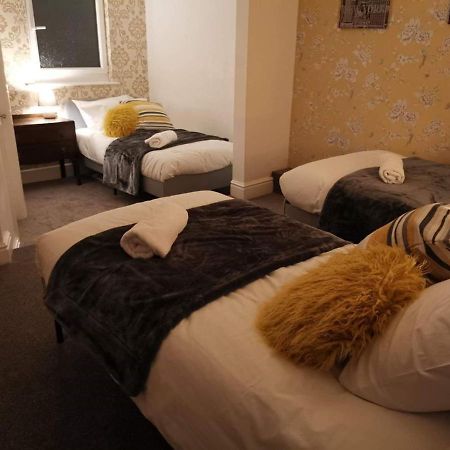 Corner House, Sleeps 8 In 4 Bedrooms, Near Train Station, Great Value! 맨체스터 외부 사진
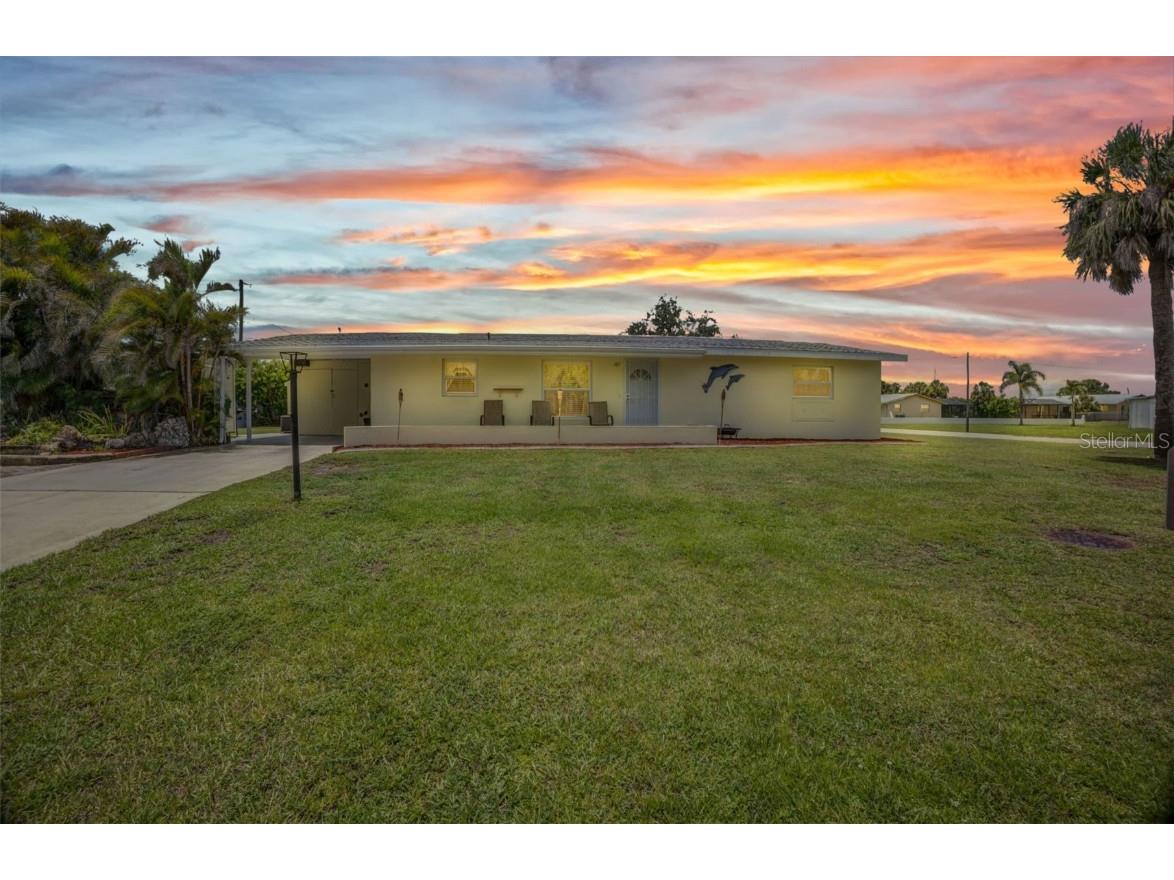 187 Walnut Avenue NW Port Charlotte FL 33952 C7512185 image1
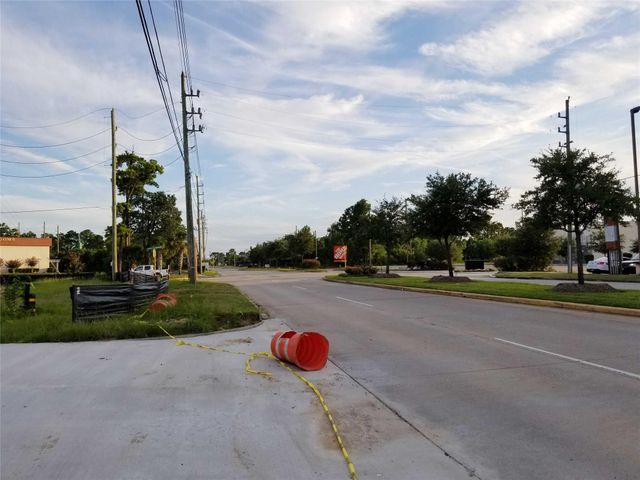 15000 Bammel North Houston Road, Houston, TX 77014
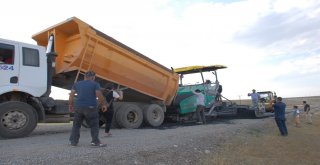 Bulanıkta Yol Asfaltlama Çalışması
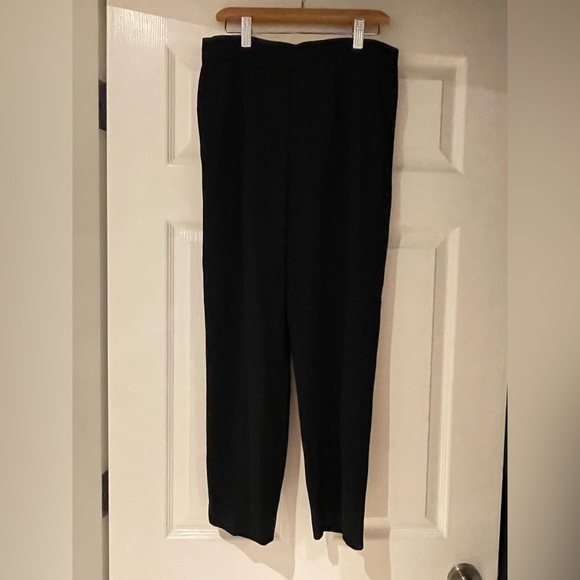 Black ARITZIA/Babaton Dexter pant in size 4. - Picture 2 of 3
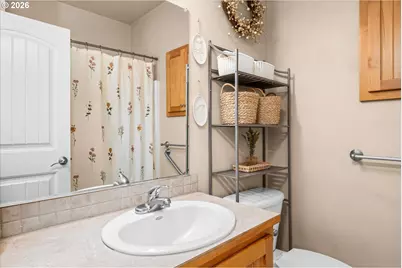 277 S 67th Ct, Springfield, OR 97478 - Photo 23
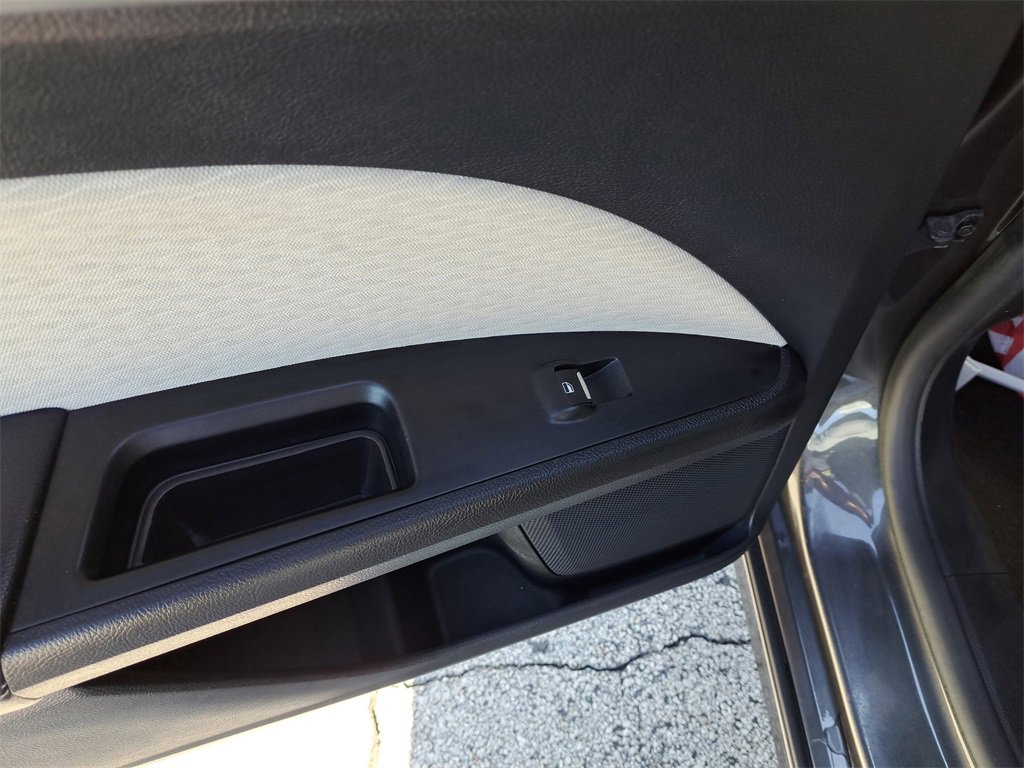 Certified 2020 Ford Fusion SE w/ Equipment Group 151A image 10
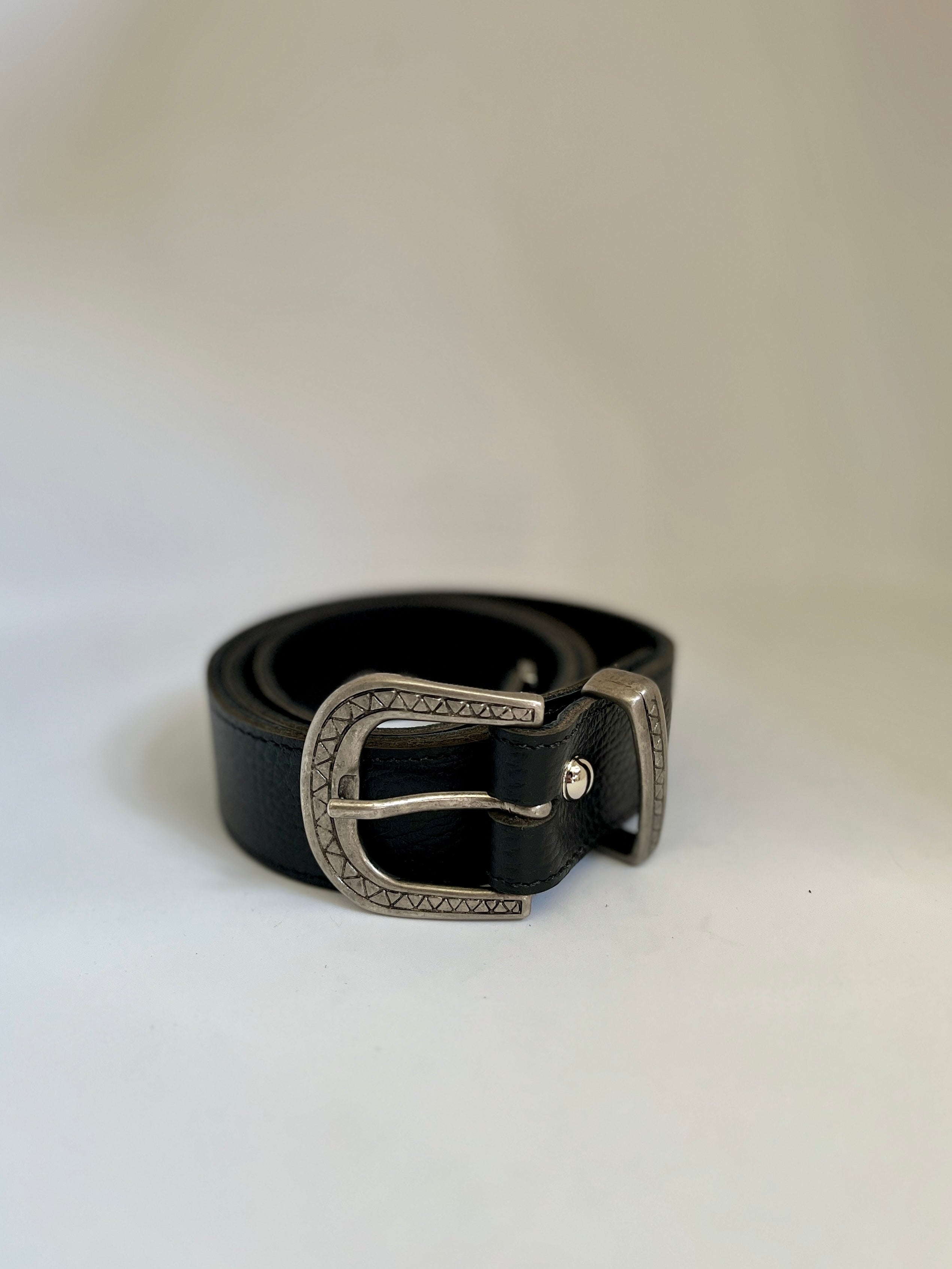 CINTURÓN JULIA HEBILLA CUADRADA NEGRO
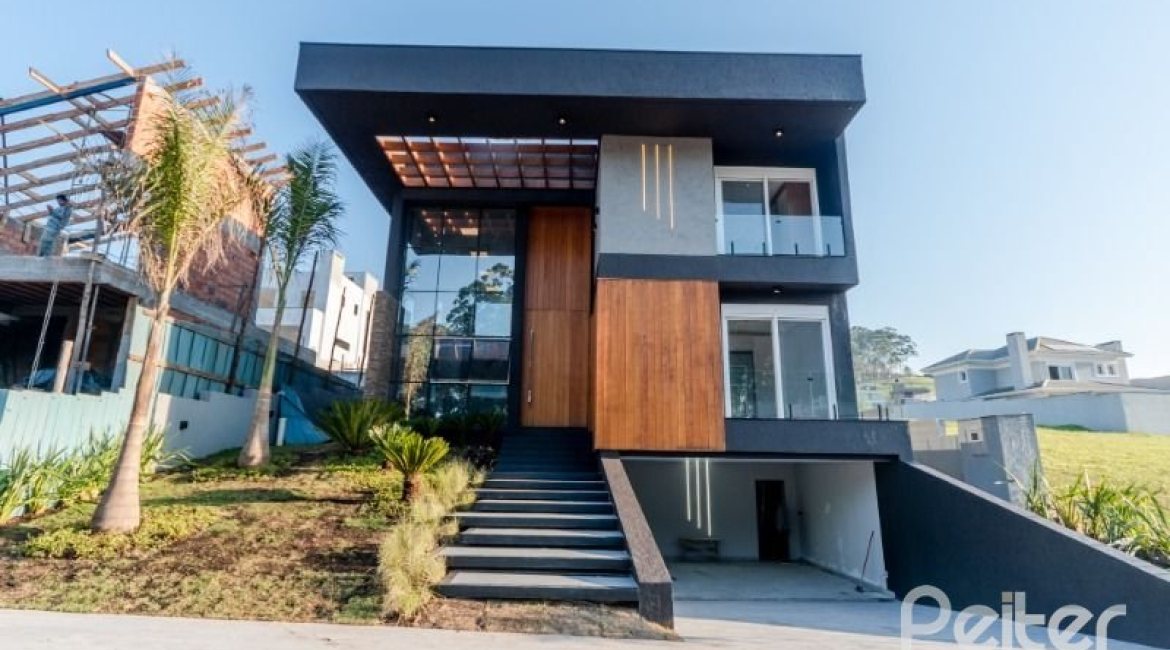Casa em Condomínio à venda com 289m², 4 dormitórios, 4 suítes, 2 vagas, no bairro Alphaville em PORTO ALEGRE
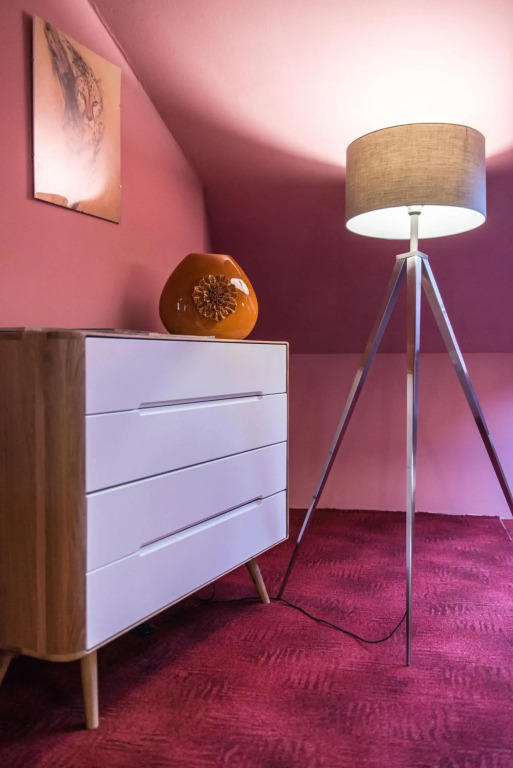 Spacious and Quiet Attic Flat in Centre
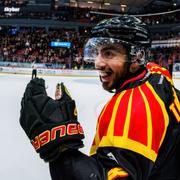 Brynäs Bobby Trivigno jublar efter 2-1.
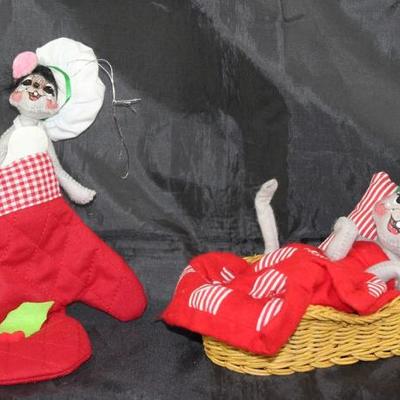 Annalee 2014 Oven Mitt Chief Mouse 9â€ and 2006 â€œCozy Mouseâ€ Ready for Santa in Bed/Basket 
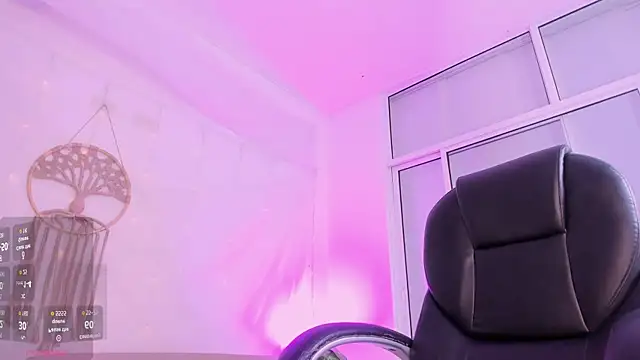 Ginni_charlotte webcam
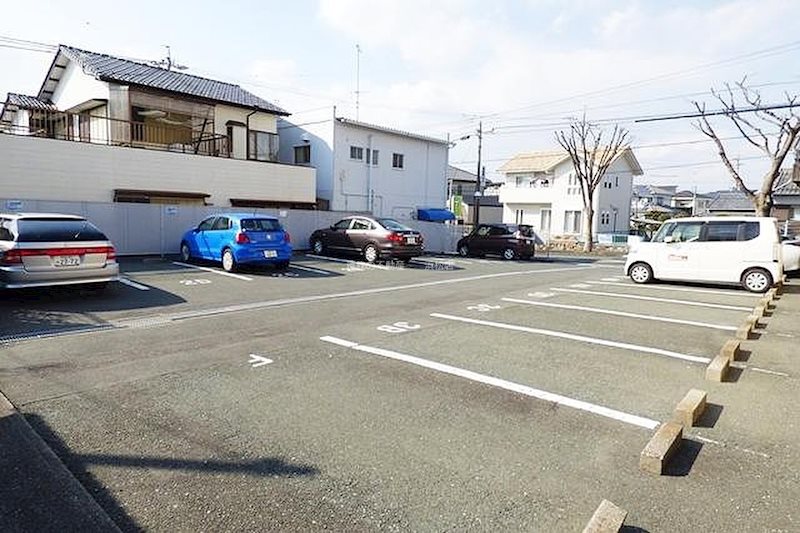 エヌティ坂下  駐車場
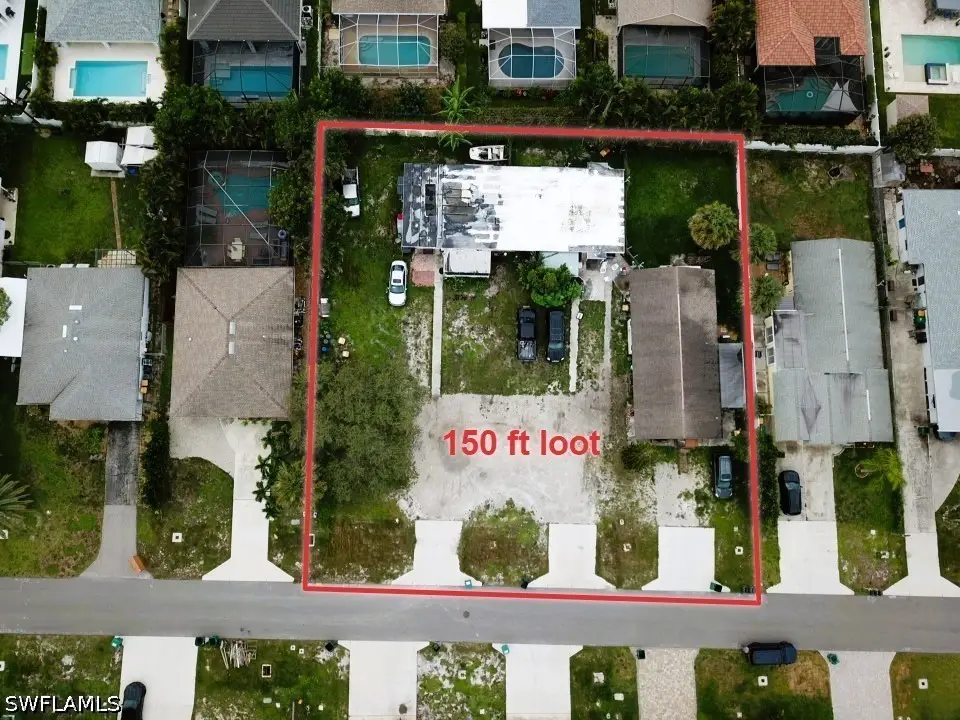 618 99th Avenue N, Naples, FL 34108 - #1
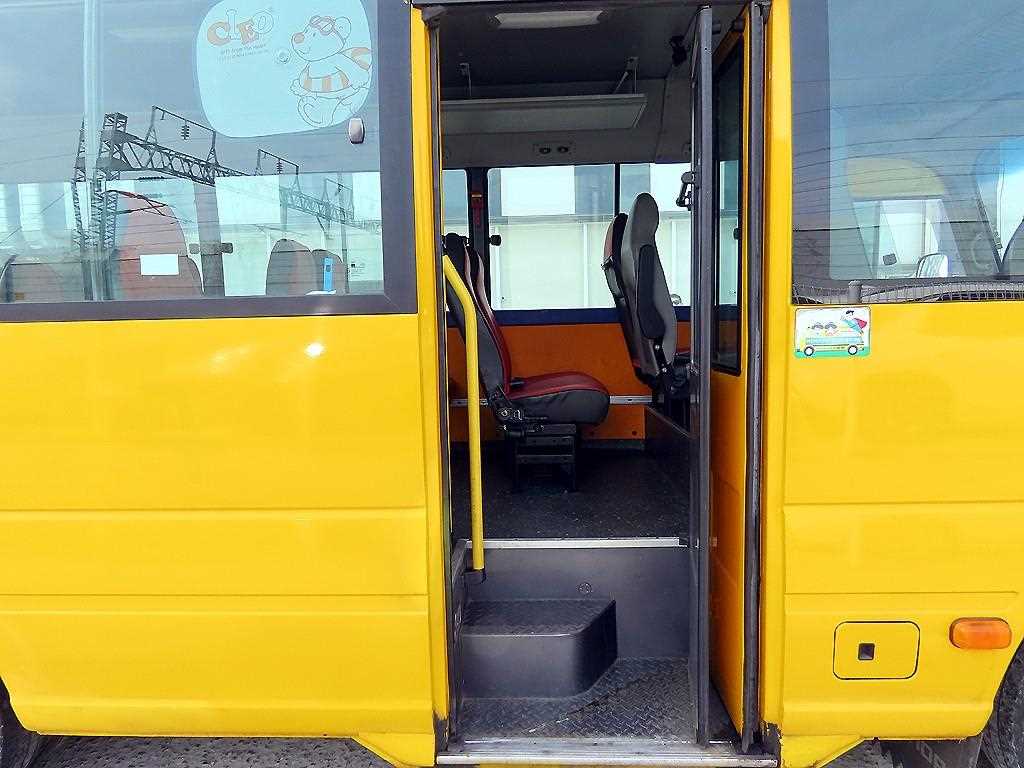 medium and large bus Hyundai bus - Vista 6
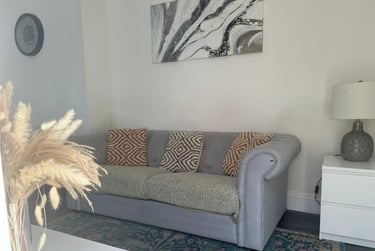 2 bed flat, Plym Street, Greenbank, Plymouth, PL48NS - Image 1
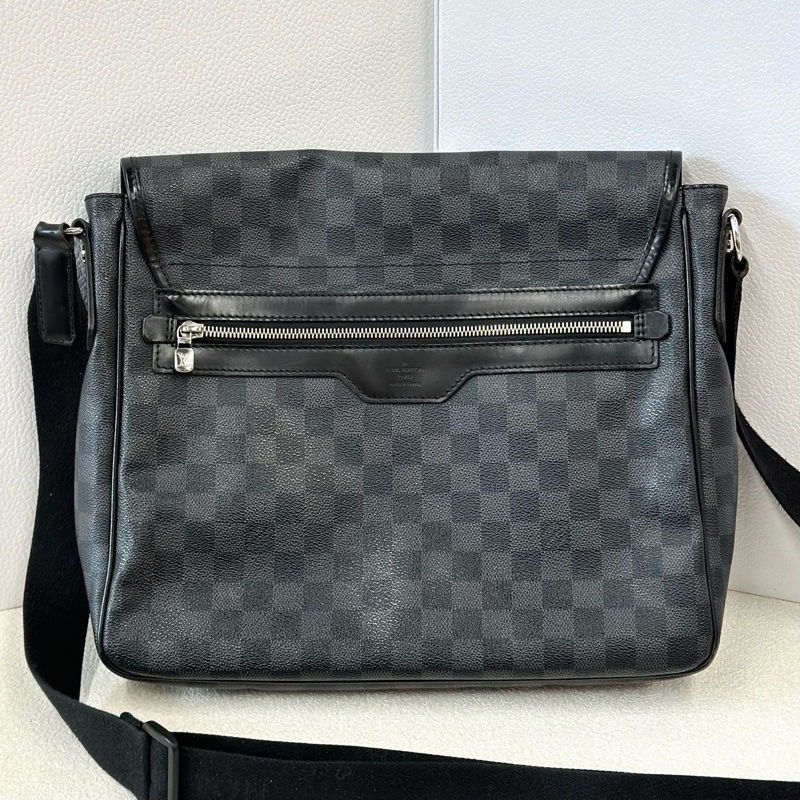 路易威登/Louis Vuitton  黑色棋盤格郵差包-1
====
Reproduce the span beginning at the line with "618 99th Avenue N, Naples, FL 34108 - #1" and ending at the last line of the entries above, inclusive, exactly as it stands. Exclude the pictures.

## Answer box:
 618 99th Avenue N, Naples, FL 34108 - #1
 medium and large bus Hyundai bus - Vista 6
 2 bed flat, Plym Street, Greenbank, Plymouth, PL48NS - Image 1
 路易威登/Louis Vuitton  黑色棋盤格郵差包-1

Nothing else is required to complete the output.